Find the length of $\{z \in \mathbb C: |z-1|+|z+1|=4\}$

Question

Find the length of $\{z \in \mathbb C: |z-1|+|z+1|=4\}$.

If we could write $z=x+iy$, then this is an ellipse of the form $$\frac{x^2}{4}+\frac{y^2}{3}=1$$ So $x=2\cos t, y=\sqrt{3}\sin t$, so the path is $$\gamma(t)=2\cos t+i\sqrt{3}\sin t, t \in [0, 2\pi]$$ Thus, the primeter of the ellipse is $$\begin{aligned} \int^{2\pi}_0|\gamma'(t)|dt & =\int^{2\pi}_0|-2\sin t +i\sqrt{3}\cos t|dt\\ & =\int^{2\pi}_0 \sqrt{4\sin^2t+3\cos^2t}dt\\ & =\int^{2\pi}_0\sqrt{3+\sin^2t}dt \end{aligned}$$ Any help with how to go any further?
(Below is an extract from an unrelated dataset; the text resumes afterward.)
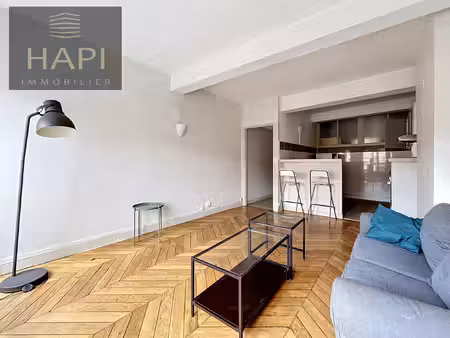 t2 meuble de 49 35 m2 place des terreaux
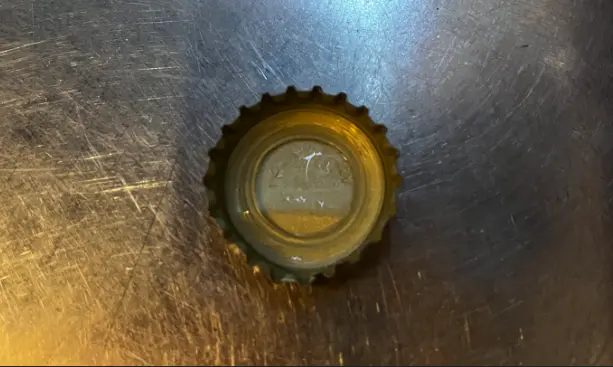 맥주 병뚜껑 톱니는 왜 21개일까 — 보이지 않는 UX와 소주 뚜껑의 두 갈래 링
Thanks~

Answer 1

In a previous post I give the solution for the arc length of an ellipse in the complex plane, e.g.,

$$ z=a\cos t+ib\sin t,\quad t\in[0,2\pi]\\ s=\int |\dot z|~dt $$

The solution can be expressed in terms of the comple elliptic integral of the second kind or the Gauss hypergeometric function as follows:

$$ \begin{align} s &=\int_0^{2\pi}b\sqrt{A\sin^2\theta+1}~d\theta,\quad A=\left(\frac{a^2-b^2}{b^2}\right)\\ \\ &=4b\text{E}(-A)=4b\frac{\pi}{2}~ _2\text{F}_1\left(-\frac 12,\frac 12;1;-A \right) \end{align} $$

For $a=2$ and $b=\sqrt{3}$, we find that $s\approx11.7397$.